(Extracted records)
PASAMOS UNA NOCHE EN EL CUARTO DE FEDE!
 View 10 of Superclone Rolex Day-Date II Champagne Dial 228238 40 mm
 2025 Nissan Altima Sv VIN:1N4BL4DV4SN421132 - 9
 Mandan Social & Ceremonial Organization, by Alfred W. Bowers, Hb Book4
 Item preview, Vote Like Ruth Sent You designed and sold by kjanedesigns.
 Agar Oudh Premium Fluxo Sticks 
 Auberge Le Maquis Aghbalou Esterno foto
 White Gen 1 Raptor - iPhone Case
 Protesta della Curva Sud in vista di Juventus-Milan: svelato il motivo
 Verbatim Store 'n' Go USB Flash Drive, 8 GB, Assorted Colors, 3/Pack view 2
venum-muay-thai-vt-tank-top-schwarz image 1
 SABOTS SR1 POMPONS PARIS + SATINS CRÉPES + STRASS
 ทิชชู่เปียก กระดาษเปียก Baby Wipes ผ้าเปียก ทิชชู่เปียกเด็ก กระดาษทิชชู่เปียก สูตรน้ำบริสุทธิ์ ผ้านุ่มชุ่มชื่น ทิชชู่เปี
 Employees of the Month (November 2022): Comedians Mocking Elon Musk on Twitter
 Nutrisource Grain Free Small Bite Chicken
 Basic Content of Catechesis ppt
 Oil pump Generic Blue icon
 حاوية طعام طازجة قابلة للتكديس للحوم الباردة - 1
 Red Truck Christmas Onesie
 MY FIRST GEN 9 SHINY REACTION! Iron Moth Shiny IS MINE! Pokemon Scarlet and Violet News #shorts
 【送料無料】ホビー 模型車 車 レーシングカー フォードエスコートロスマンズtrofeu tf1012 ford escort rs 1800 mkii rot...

→ The problem: Print the line with "venum-muay-thai-vt-tank-top-schwarz image 1" and every line after it in the entries above, exactly as written. Leave out all other lines.

→ Solved problem:
venum-muay-thai-vt-tank-top-schwarz image 1
 SABOTS SR1 POMPONS PARIS + SATINS CRÉPES + STRASS
 ทิชชู่เปียก กระดาษเปียก Baby Wipes ผ้าเปียก ทิชชู่เปียกเด็ก กระดาษทิชชู่เปียก สูตรน้ำบริสุทธิ์ ผ้านุ่มชุ่มชื่น ทิชชู่เปี
 Employees of the Month (November 2022): Comedians Mocking Elon Musk on Twitter
 Nutrisource Grain Free Small Bite Chicken
 Basic Content of Catechesis ppt
 Oil pump Generic Blue icon
 حاوية طعام طازجة قابلة للتكديس للحوم الباردة - 1
 Red Truck Christmas Onesie
 MY FIRST GEN 9 SHINY REACTION! Iron Moth Shiny IS MINE! Pokemon Scarlet and Violet News #shorts
 【送料無料】ホビー 模型車 車 レーシングカー フォードエスコートロスマンズtrofeu tf1012 ford escort rs 1800 mkii rot...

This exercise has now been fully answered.